There is such a modern fascination with the tragic figure of the flawed hero, from Don Draper to Tony Soprano, we forget this was a mould cast in the seventeenth century. Indeed Hamlet has much relevance to the world we inhabit today, raising issues of privilege and class, mental health and personal responsibility. It’s a complex work, both in terms of plot, which twists and pivots, and of language — rich and poetic, full of gems of universal truth, and images of breathtaking beauty.

The set design valiantly attempts to transpose a Jacobean theatre onto the art deco surrounds of the Napier Muni. The stage is inscribed in a half circle made of opulent wood panelling, brickwork, tapestries and a mezzanine gallery on which a pair of musicians multitask with a cornucopia of strings and woodwind. Twin columns flank the set, conveying the impression of the original’s ceiling supports. The effect is only partially marred by rows of steel-legged bucket seats that flank the stage. As they have no utility in the action, it can only be assumed they were present as an anchoring device, some last-minute stage management troubleshooting. The chairs notwithstanding, it’s undoubtedly a professional production, sporting bells and whistles such as copious smoke, flaming torches and an igniting sword. Costumes and props are all lush and polished, though here some of the director’s choices become questionable.

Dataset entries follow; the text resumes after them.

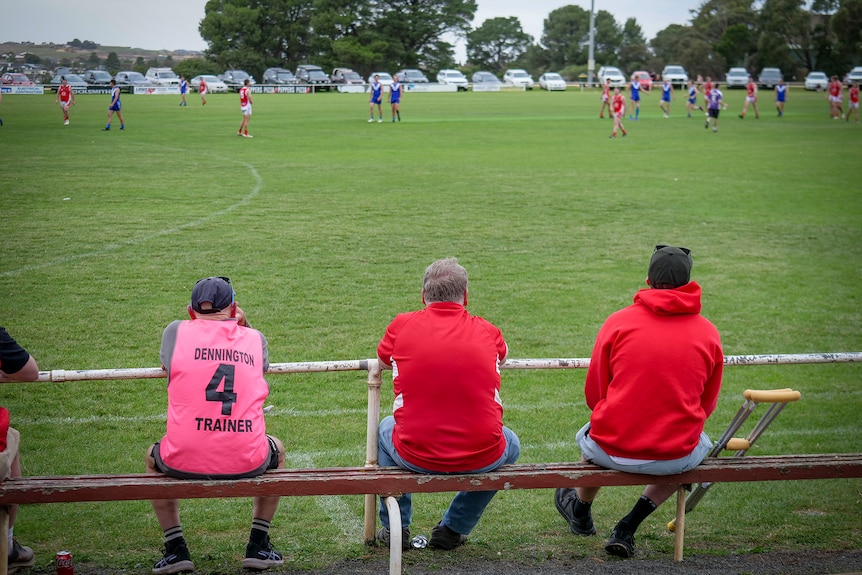 Three men in red watch a country football match. One has crutches next to him.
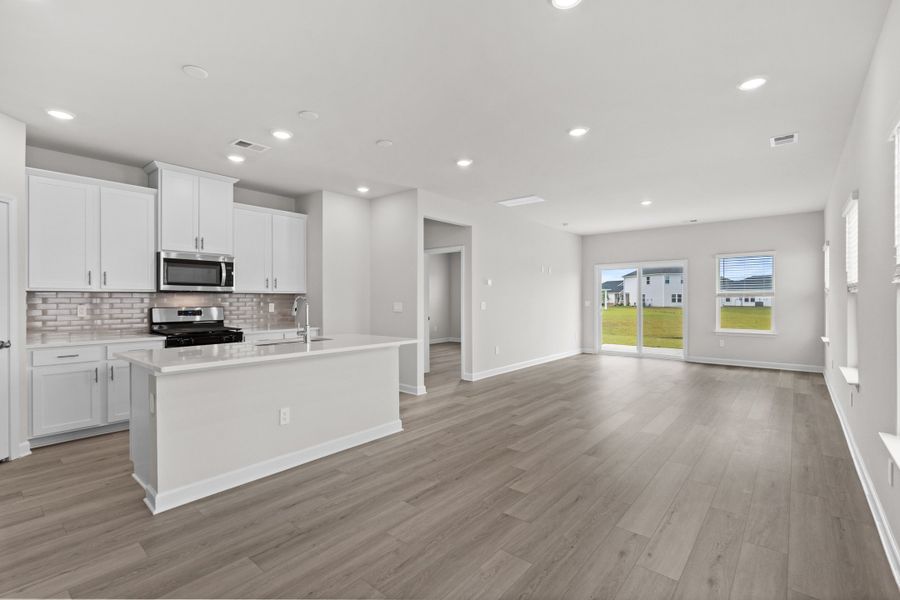Furnished interior view inside a new home in Cypress Ridge - The Boardwalk Series, Longs (Image 8).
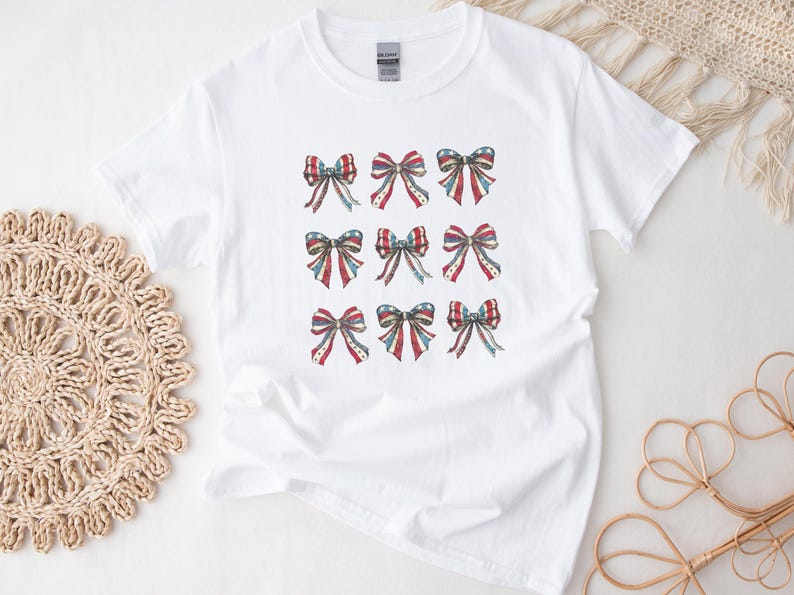 Puede incluir: Camiseta blanca con nueve dise&ntilde;os de lazos en rojo, blanco y azul, que recuerdan a la bandera estadounidense. Los lazos est&aacute;n dispuestos en un patr&oacute;n de cuadr&iacute;cula, a&ntilde;adiendo un toque patri&oacute;tico a la ropa casual.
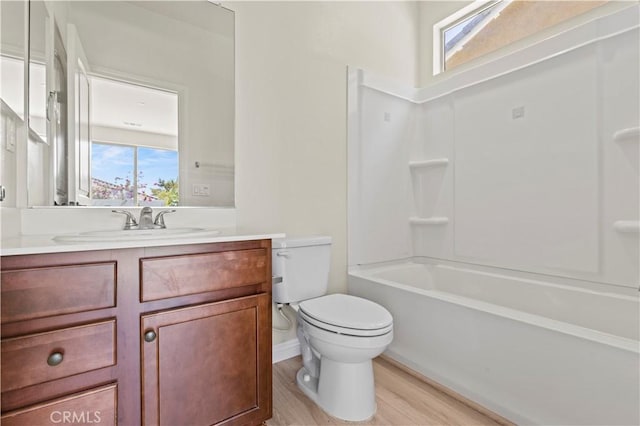 11102 Duran, Jurupa Valley, CA 91752 - bathroom featuring toilet, a healthy amount of sunlight, vanity, and wood finished floors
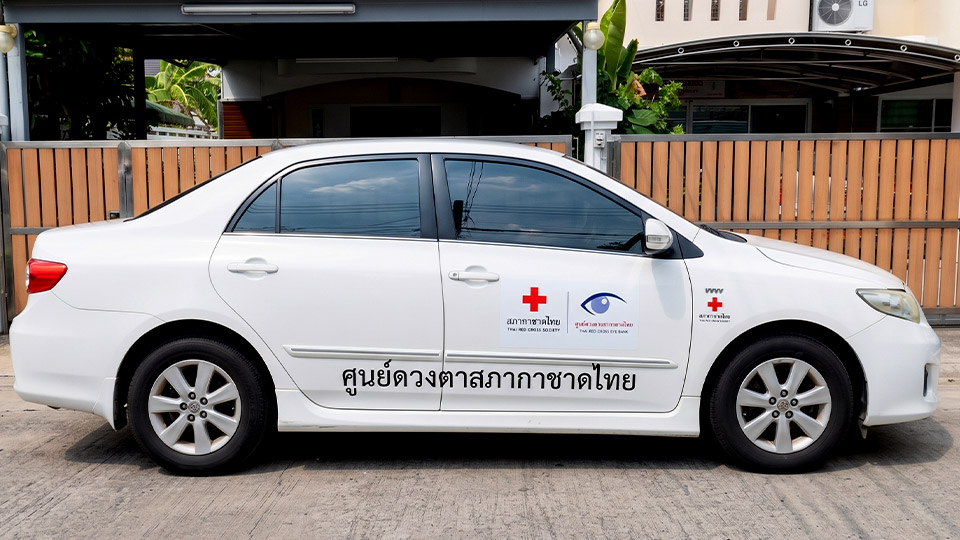 สติ๊กเกอร์ประชาสัมพันธ์เคลื่อนที่เนื้อ PVC พรีเมียม พิมพ์ข้อความและตราสัญลักษณ์ศูนย์ดวงตาสภากาชาดไทย บนรถเก๋งสีขาว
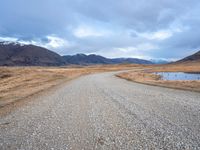 a gravel road running alongside an empty hill in the background is mountains with a lake in it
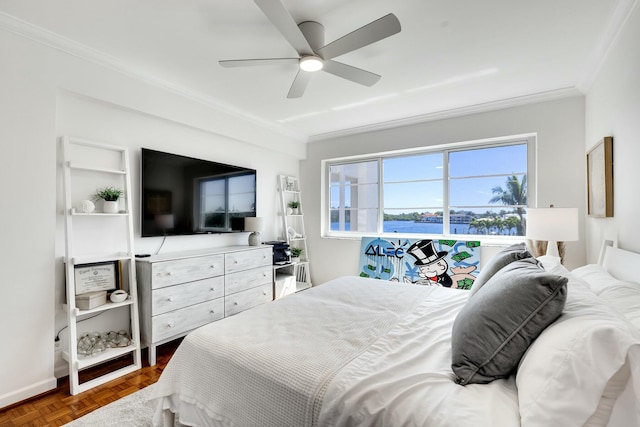 bedroom with a ceiling fan and crown molding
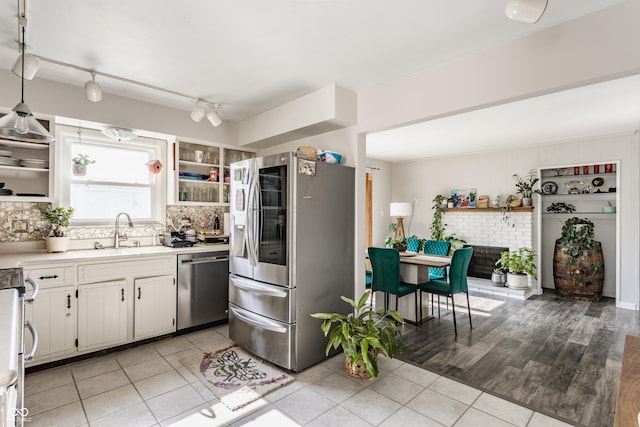 48 Wilson Dr, Carmel, IN 46032 - kitchen featuring stainless steel appliances, decorative backsplash, light countertops, and light tile patterned floors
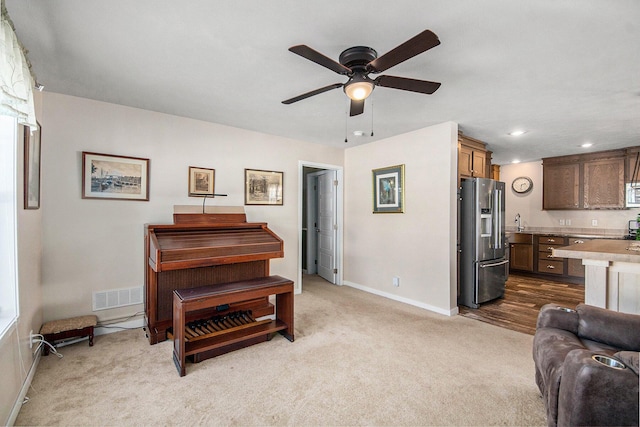 living room with light carpet, sink, and ceiling fan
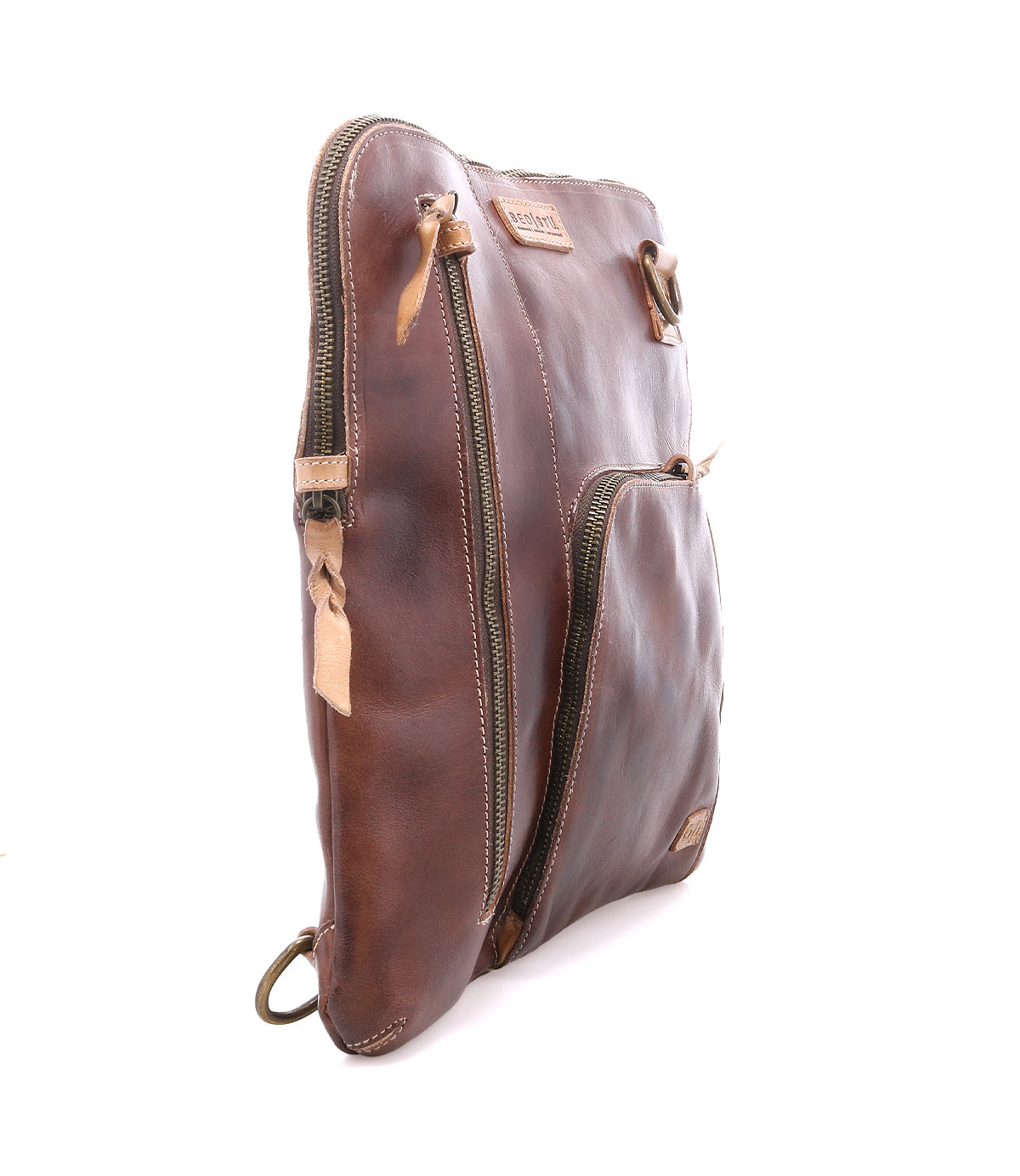 The Bed|Stü Aiken is a brown full-grain leather zippered pouch shown standing upright at an angle, featuring two zippered compartments, anti-theft security features, and a brand tag on the front.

While a large portion of the costuming is authentically Jacobean, some veers into the medieval, yet others —the troupe of travelling players — are dress-up-box deco. Odd accents punctuate the piece — a lone musket in a world of swords and daggers; the device of Polonius’ inopportunely ringing cellphone; Bernardo’s moon boot. In some places this works beautifully — Hamlet’s madness accessorised with a two-dollar-shop crown and pink velvet cape; the tradie gravedigger in stubbies and singlet splashing the audience with a coca-cola bottle full of water — in others — the strangely yogic ritualistic hand and breath gestures — it serves as distraction.

The problem with introducing such diverse elements into a piece with this kind of literary and linguistic weight, is one of detraction. The plot and the language in which it is conveyed is itself so robust, that attempts to add frills round the edges only serve to take away from the essence of the piece. There is already enough going on here without pulling the audience away from the words and the story to try to piece together what very clever point the director is trying to make with their temporal and cultural mash up. Whatever way I turn it and squint and hold it up to the light, I can’t quite elicit what that might be, meaning that either it’s sailed cleanly over my head or it quite simply doesn’t exist.